According to local developers, new home sales continue to be strong, a sign of our bustling economy. Yet a very different picture of the real estate market is being drawn by a recent industry study.
The California Association of Realtors reported last week its housing affordability index, which measures the percentage of California households that can afford buying a median-priced home, dropped a staggering 9 percent, from 42 percent in January 1999 to 33 percent this year.
That’s the largest drop in the index since July 1989, when it also dropped 9 percent and ushered in a real estate recession.

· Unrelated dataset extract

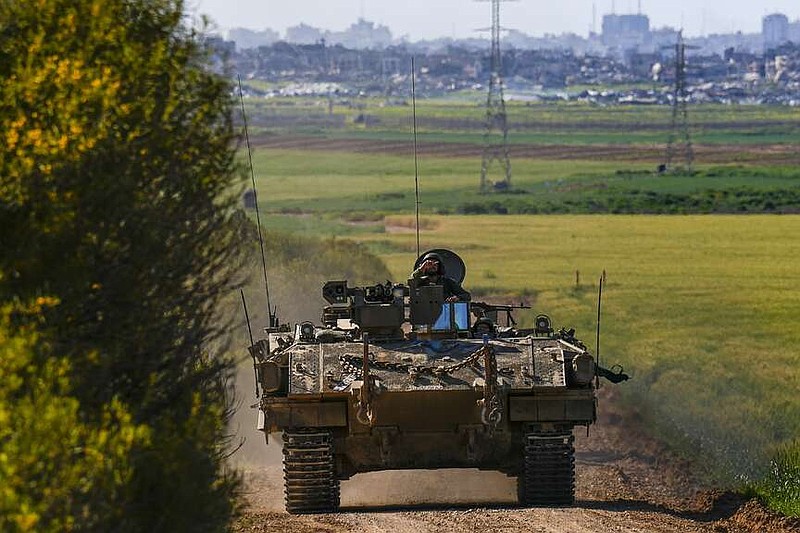 Israeli soldiers drive an APC near the border with Gaza Strip, in southern Israel, Sunday, March 10, 2024. (AP Photo/Ariel Schalit)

For San Diego, the percentage of families able to afford their own homes is even less than the statewide average, dropping from 36 percent in January 1999 to 27 percent this year , the fifth lowest percentage in the state. By comparison, the national affordability index is 54 percent.
This, of course, is more than a passing trend. California is second to last in the nation for home ownership, with only 56 percent of California households able to own their own residence compared to nearly 67 percent nationally.
This is already presenting difficulties for California firms seeking new employees.
According to Allan Zaremberg, president of the California Chamber of Commerce, California companies are finding between 60-80 percent of the people they attempt to recruit from out-of-state are saying “no thanks” due to the cost of housing here.
This “jobs-housing imbalance,” as it’s called, will only get worse as the state’s population mushrooms to between 45 and 50 million in the next two decades.
The seriousness of this problem has brought together a broad coalition of business, labor, housing advocates and legislators to promote an omnibus package of bills aimed at correcting the job-housing imbalance.
If entirely approved by the state Legislature, the “Job Center Housing” package would strive to make housing more affordable in California by:
– Providing fiscal awards for communities in job-growth areas for approving new housing.
– Stopping the abuse of the state’s environmental quality laws to stall or kill housing projects.
– Establish a fair system for resolving construction disputes.
– Establish full disclosure of the impacts of local growth control initiatives.
– Promote more timely and efficient use of redevelopment funds.
– Identify obstacles to greater investment and housing development.
– Increase funding for low- and moderate-income housing.
Without affordable housing, California’s economic balloon will surely burst. When it does, we could see another mass exodus of businesses and workers from the state as we did not quite a decade ago.
We urge support for the “Jobs Center Housing” legislative package.